PMT asserts that the contracting officer's conclusion that ATAP's delivery record was superior to PMT's is unreasonable, given that ATAP's delivery score of 100 percent was based only on one line item, whereas PMT's delivery record included many line items and many on-time deliveries. The contracting officer considered the number of line items upon which PPIRS scores were based, as well as PMT's on-time deliveries, but noted that PMT's significant number of late deliveries "warranted a diminished degree of confidence in their ability to perform and deliver on time." In so doing, the contracting officer did not give too much weight to the delivery aspect of past performance, but appropriately recognized it as a clear discriminator between the proposals. Given the "critical" nature of the work, we find the contracting officer's reasoning unobjectionable. AR, Tab 29, Reevaluation Decision Document, at 15.

PMT also asserts that the contracting officer evaluated proposals unequally. For example, it complains that the contracting officer only reviewed the contract files for PMT and not ATAP. However, the agency explains that the contracting officer reviewed PMT's files in response to PMT's assertion that data was inaccurate; and because there was no challenge by ATAP to its PPIRS record, the agency had no cause to review ATAP's contract files.[6]

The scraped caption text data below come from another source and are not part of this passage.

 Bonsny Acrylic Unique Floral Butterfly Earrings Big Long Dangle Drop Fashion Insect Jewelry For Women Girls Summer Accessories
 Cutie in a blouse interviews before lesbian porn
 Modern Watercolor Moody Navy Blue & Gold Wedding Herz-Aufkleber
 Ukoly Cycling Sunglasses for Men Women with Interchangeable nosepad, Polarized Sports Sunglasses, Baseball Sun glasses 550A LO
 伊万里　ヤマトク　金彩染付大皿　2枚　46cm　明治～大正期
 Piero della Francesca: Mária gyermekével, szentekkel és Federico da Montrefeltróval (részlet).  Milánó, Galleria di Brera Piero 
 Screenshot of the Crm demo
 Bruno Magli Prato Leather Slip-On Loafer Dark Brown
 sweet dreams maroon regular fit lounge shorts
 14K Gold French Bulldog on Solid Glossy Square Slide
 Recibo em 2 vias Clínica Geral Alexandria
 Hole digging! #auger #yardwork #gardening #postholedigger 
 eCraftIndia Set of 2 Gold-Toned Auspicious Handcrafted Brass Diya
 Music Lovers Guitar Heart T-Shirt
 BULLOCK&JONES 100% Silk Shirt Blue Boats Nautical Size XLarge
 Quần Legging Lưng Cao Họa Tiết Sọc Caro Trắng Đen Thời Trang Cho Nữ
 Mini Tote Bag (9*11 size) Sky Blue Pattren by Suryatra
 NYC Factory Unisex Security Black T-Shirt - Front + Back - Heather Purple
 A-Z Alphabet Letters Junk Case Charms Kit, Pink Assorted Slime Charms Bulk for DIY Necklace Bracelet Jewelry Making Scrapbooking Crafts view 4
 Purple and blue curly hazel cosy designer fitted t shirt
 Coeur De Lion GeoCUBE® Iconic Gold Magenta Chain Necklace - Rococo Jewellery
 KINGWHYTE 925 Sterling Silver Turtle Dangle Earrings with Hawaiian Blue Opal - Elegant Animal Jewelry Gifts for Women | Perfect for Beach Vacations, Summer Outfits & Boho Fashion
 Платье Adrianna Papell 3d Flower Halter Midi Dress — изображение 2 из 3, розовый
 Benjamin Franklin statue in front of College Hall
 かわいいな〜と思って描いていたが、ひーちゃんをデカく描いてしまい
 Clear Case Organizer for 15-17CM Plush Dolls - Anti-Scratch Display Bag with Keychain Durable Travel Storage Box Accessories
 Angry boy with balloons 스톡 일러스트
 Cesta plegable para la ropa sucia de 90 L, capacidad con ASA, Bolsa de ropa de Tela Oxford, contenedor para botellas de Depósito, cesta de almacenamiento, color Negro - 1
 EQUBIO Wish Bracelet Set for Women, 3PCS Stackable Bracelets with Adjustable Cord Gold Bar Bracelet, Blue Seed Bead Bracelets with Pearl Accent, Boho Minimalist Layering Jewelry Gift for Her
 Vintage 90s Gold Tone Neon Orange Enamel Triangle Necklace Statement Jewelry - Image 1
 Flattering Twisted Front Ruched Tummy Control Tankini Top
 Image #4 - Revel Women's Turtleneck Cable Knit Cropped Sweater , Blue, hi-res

In sum, the record confirms that the contracting officer fairly and reasonably evaluated past performance and made a reasoned best value decision that is well'documented and supports the source selection. While PMT disagrees with this analysis, it has not shown it to be unreasonable.

The protest is denied.

Gary L. Kepplinger
General Counsel

[1] Contractors without any quality records were also assessed a green rating. Agency Report (AR), Tab 29, Reevaluation Decision Document, at 14.

[2] The Navy administers PPIRS.

[3] PMT also asserts that the record is not sufficiently documented, but as discussed throughout this decision, we find that the record is adequately documented and supports the agency's evaluation judgments.

[4] For purposes of this decision, we accept PMT's purple quality rating. However, while the record indicates that PMT's rating was based upon only one negative report out of 50 line items, it does not clearly indicate why this would support PMT's purple quality rating. In this regard, we note that the record shows that one of the other offerors under this RFP, who had delivered more line items than PMT and had received no negative reports, only received a green rating. AR, Tab 15, PPIRS Report, at 1. While the agency states that the PPIRS evaluation criteria provides that a green quality rating should be applied if there is no existing quality information regarding the deliveries, we fail to understand why an offeror with more delivered line items and no negative (or positive) quality reports should be rated inferior (that is, green) to an offeror (rated purple), which had less delivered items and one negative and no positive reports.

[5] PMT asserts that discussions were inadequate because it was only allowed to correct inaccuracies in the PPIRS records, and was not permitted an opportunity to explain negative performance. However, PMT does not explain what information it would have provided during discussions, other than to state, generally, that it "could have provided information about corrective actions." PMT Comments at 16. This general allegation is not sufficient to demonstrate that PMT was prejudiced, even if discussions were inadequate. See Klinge Corp., B'309930.2, Feb. 13, 2008, 2008 CPD para. 102 at 7 n.2.

[6] PMT's other allegations of unequal treatment are similarly without merit.